When I am neck deep in hardcore TDD Red-Green-Refactor cycles I am constantly looking for ways to ensure that my feedback loop is as quick as possible. If the testing feedback takes too long I am liable to start daydreaming and I lose my context in the design process (because of course TDD is about design not testing). Often this means that I run a fast, small test suite which is focused on just the change at hand. However, sometimes the refactor step touches a few different areas, and it requires running a more substantial set of tests. How do we minimize the "distractable" time and maximize the design time in these cycles?
Encouragingly, well written test suites are (almost) embarrassingly parallel. As a principle each test should be completely independent of the next and thus can be run in any order, on any machine, at any time. Furthermore test suites in the MATLAB® test framework are just arrays of Test objects where each element can be independently run. If you have the Parallel Computing Toolbox™ there exists a variety of ways these tests can be run in parallel. Awesome, let's dig into the details of how this is done.
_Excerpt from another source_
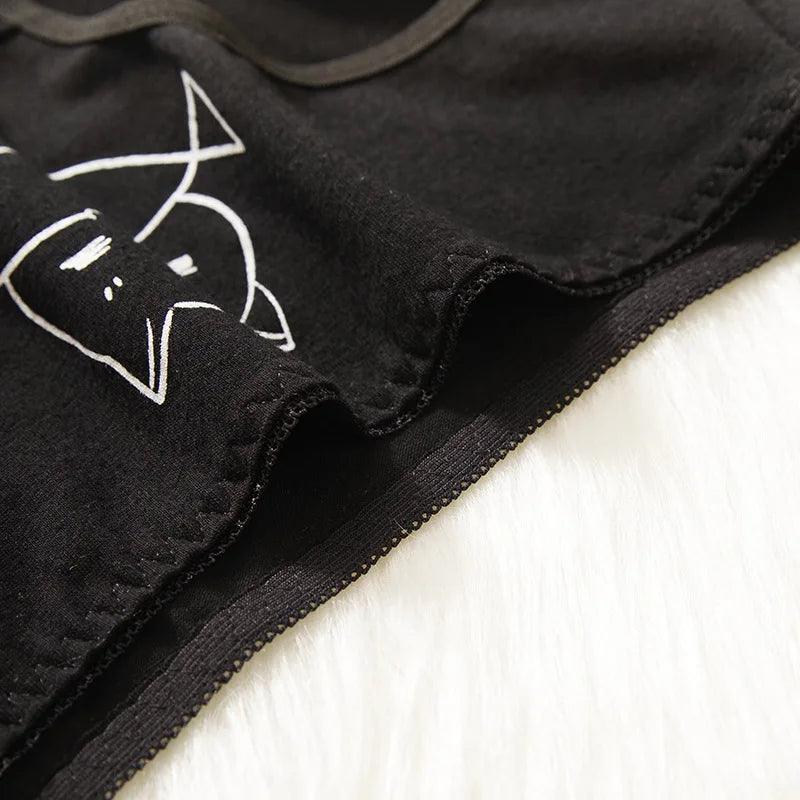 Cotton Cat Print Panties Set: Daily Comfort with Cartoon Style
We need to establish what the test suite is as we explore this topic. Of course the test suite can be anything written using the unit test framework. Typically the time taken to execute the tests corresponds to the time taken actually setting up, exercising, verifying, and tearing down the software under test. However, for this example why don't we just add some calls to the pause function in order to mimic a real test? We can create 3 simple tests that we can use to build a demonstrative test suite.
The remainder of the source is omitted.